Depósitos menos atractivos
As reduzidas taxas de juro e o euro barato, que o BCE quer promover, reduziram para quase nada a rentabilidade dos depósitos, o produto de poupança favorito dos portugueses. 
Por outro lado, as famílias que investiram as suas poupanças na Bolsa verão aumentar a sua riqueza financeira no curto e médio prazo, já que a história demonstrou que as operações de ‘quantitative easing’ ajudam a impulsionar as bolsas. 
Por outro lado, investir em dívida pública também poderá ser uma opção interessante para as famílias já que se prevê um aumento dos preços.

Menos austeridade
Com os juros da dívida pública a descer – uma tendência que já se vinha a verificar há vários meses – o Governo poderia sentir-se mais à vontade para, em ano eleitoral, aproveitar esta margem para aliviar algumas das medidas de austeridade impostas. 
A descida que se tem vindo a verificar nos prémios de risco resulta do facto de os mercados há muito anteciparem esta medida do Banco Central Europeu.

Remessas dos imigrantes
O euro caiu ontem para o mínimo de 11 meses, na casa dos 1,15 dólares. 
Para os imigrantes que enviam remessas em dólares para os seus países de origem, um euro mais barato é uma má notícia, já que o dinheiro que mandam tem menos valor noutras partes do mundo.

Crédito à habitação
A Euribor, o principal indexante da maior parte dos créditos à habitação em Portugal, será uma das mais afectadas pelo programa de compra de dívida do BCE. 
Apesar de os mercados se anteciparam a estas decisões e o nível da Euribor já estar em níveis historicamente baixos, novas descidas são uma boa notícia para as famílias portuguesas já que no momento de revisão das taxas de juro verão o custo dos empréstimos descer.


Mercado imobiliário
Com o plano de Draghi é expectável que o mercado imobiliário tenha um impulso. 
Se a banca obtém liquidez nos mercados financeiros de forma mais vantajosa poderá impulsionar o negócio de concessão de crédito aos cidadãos. 
Por outro lado, a liquidez que chegar aos grandes fundos de investimento poderá acabar investida em imóveis para rendimento, já que um edifício arrendado é um activo seguro e rentável para os grandes investidores. 
Em Portugal, o sector já está a antecipar que 2015 seja um ano de crescimento, quer em número de casas vendidas, quer em termos do valor das transacções.

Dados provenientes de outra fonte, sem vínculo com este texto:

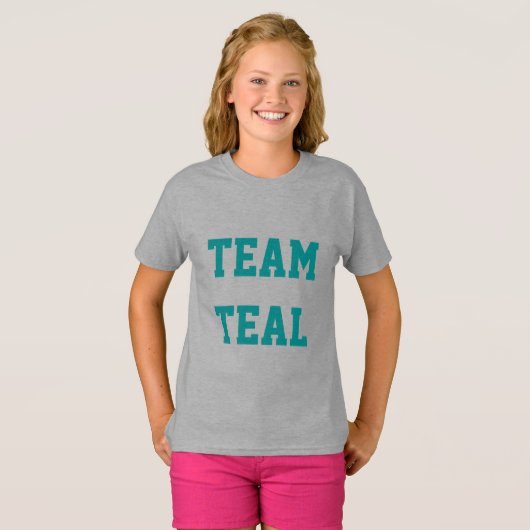 Team Blauwgroen T-shirt (Voorkant volledig)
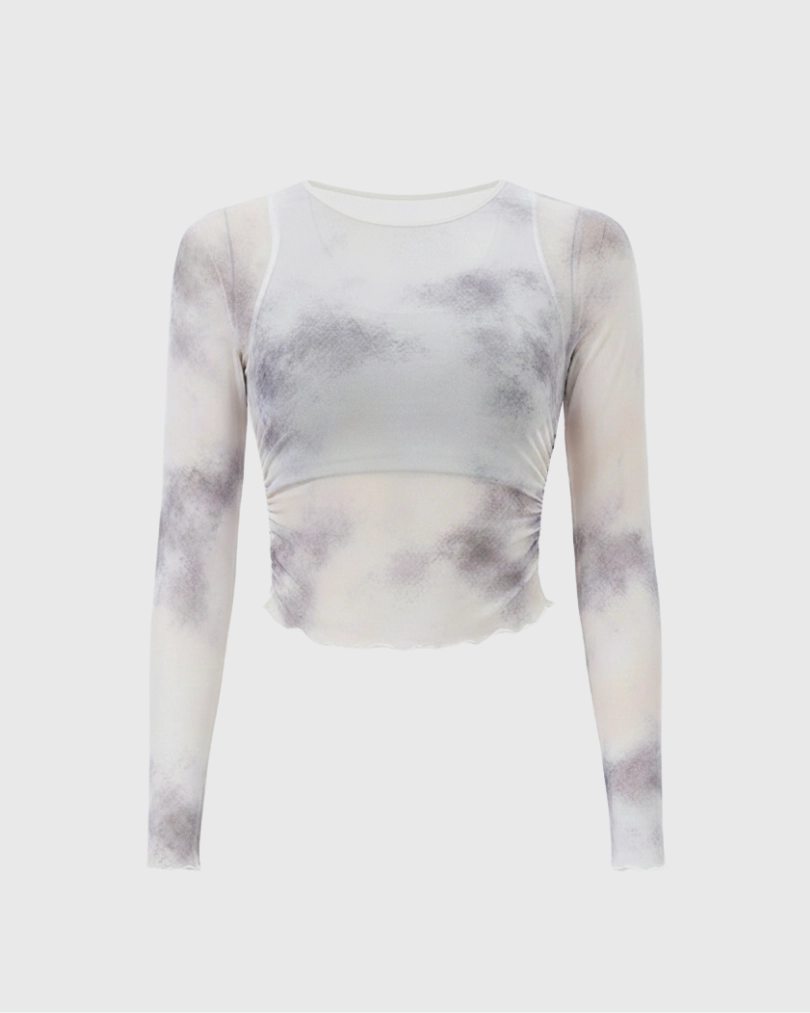 Лонгслив из сетки в технике tye-die с встроенным топом - 9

Mais turismo e exportações
Outro dos efeitos de um euro mais barato, na sequência da decisão do BCE, é por um lado tornar as exportações mais competitivas, o que para as empresas é uma boa notícia e, em última análise, até se pode traduzir num aumento do emprego. 
Por outro lado, os países europeus também se tornam mais atractivos para os turistas de países fora da zona euro. 
Mas para os cidadãos da zona euro, viajar para fora da Europa fica mais caro.